Evaluating the influence of neighborhood connectivity and habitat effects in dynamic occupancy species distribution models

Abstract

Exploring new approaches and methodologies to characterize species distribution dynamics, instead of solely relying on static spatial patterns, should be a priority for species distribution modelling research. Dynamic occupancy models (here, ‘dynocc models') are a promising tool to capture temporal patterns of distribution change but their spatial accuracy has been shown to be limited. In this study, we evaluated the effectiveness of incorporating neighborhood connectivity effects into the colonization and extinction functions of dynocc models. To accomplish this, we compared dynocc models accounting either for neighborhood connectivity only, for site-level habitat covariates only, or combining both neighborhood and habitat explanations in the models for species extinction and colonization. All models were evaluated for a total of 46 bird species typical of forests and shrublands using data at 1 km2 scale from two Catalan breeding bird atlases (CBBA2: 1999–2002 and CBBA3: 2015–2018). Models' predictive performance varied across species between dynocc models incorporating habitat covariates alone and those considering neighborhood connectivity alone. Among species, 68% exhibited a predominant response to habitat effects, 24% showed similar responses for habitat and connectivity effects, and 9% were mostly associated with connectivity effects. Dynocc models combining connectivity and habitat covariates achieved the best predictive performance for most species, with bigger gains for species with similar results from habitat-only and connectivity-only models.
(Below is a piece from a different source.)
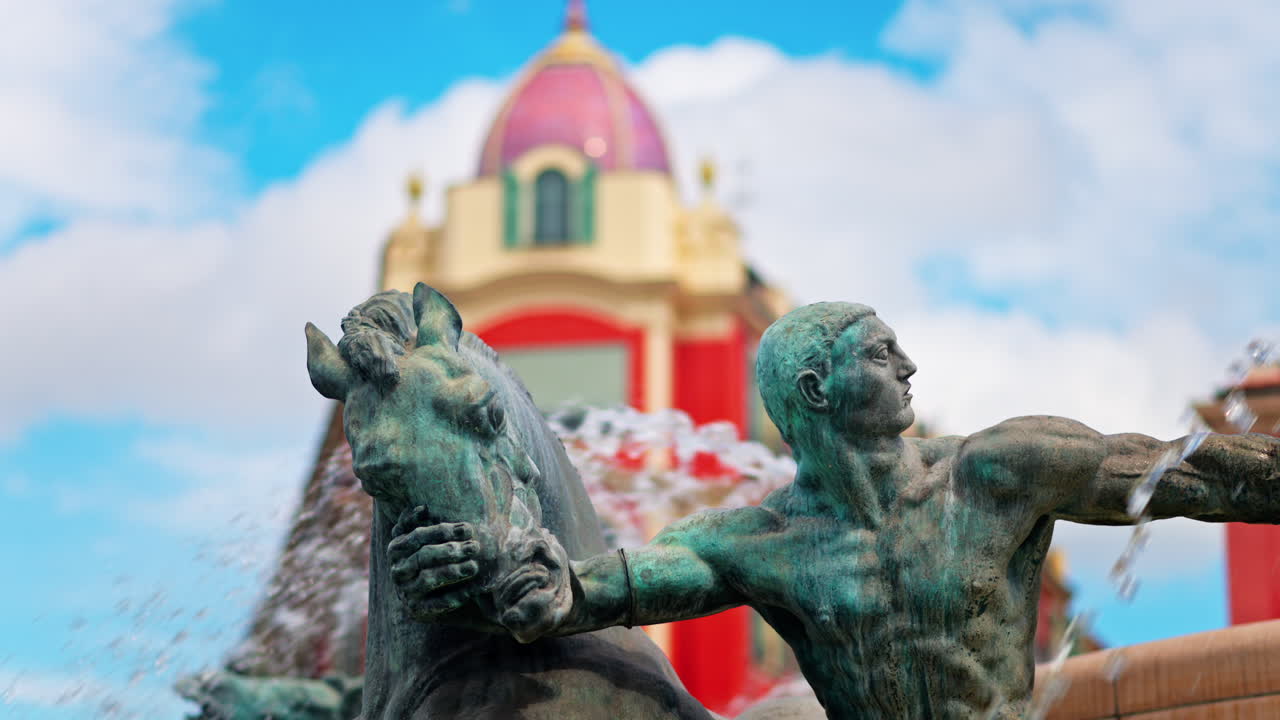 Nice, France - May 12, 2025: Close up of the Sun water fountain in the Massena Square in daylight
However, relative performance gains compared to dynocc models using only habitat or connectivity variables were generally modest for most species. This study shows the benefits of considering more spatially explicit formulations in dynocc models, specifically incorporating neighborhood connectivity into the extinction and colonization processes. Our work also highlights the importance of evaluating different model formulations and assessing which aspects of the model are more important depending on the study species.